An effective safety culture is also proactive instead of reactive. Identifying potential safety hazards in the environment and taking action to eliminate or minimize them can prevent accidents before they have the opportunity to occur. This could mean developing standard processes to double-check that all bolts are properly installed, keeping walkways clear, keeping workspaces well-lit or requiring the use of appropriate safety gear while working with dangerous machinery or materials. Creating a safe environment begins at the fundamental planning and design phase of the organization, including its business objectives, plans to meet those objectives, workflows, policies, practices, training, equipment needs, architectural designs that work for people, and floorplans that ensure optimal equipment placement and accessibility.

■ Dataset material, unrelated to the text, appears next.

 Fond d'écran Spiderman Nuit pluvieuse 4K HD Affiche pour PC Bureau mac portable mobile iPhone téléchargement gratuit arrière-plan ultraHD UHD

Integrating human factors into the design process is an essential component in minimizing safety risks. It involves considering the physical and cognitive abilities, limitations and skills of the end-users. Designers must also consider the environmental factors that could affect the usage of the product or system, for example, noise, temperature, lighting conditions, duration of use and task sequence. Engaging with end-users and stakeholders to get detailed feedback and insight on their needs and requirements is crucial. Finally, testing and evaluation should be carried out throughout the design process to verify that the product or system is safe for use by the end users. Integrating human factors helps ensure that safety risks are minimized at the earliest stages.

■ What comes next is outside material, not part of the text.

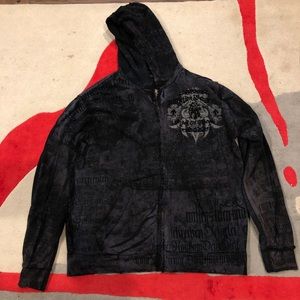Affliction black&purple hoodie, 2XL, EUC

Technology—including augmented reality, spaceships, smartphones, self-driving vehicles and even exoskeletons—is increasingly leveraged to improve safety in a variety of industries. From wearable technology to advanced automation systems, the possibilities are endless. During a research study on prevention of healthcare-associated infections, I learned that some hospitals were using sensors to track whether employees washed their hands when entering patient rooms, increasing employees’ motivation to take the time to engage in this safety practice.

Staying Grounded

When HF/E is embraced and practiced correctly, it can have a positive impact on individuals, organizations, communities and society itself. There can be misconceptions that safety and ergonomics require expensive equipment, tools and furniture. However, even simple low-cost solutions such as posture modifications or changing work areas can have a big effect on safety. From beginning to end, employers must remember the human side of their employees and the impact of safety on their end users and customers so that they build their environment accordingly.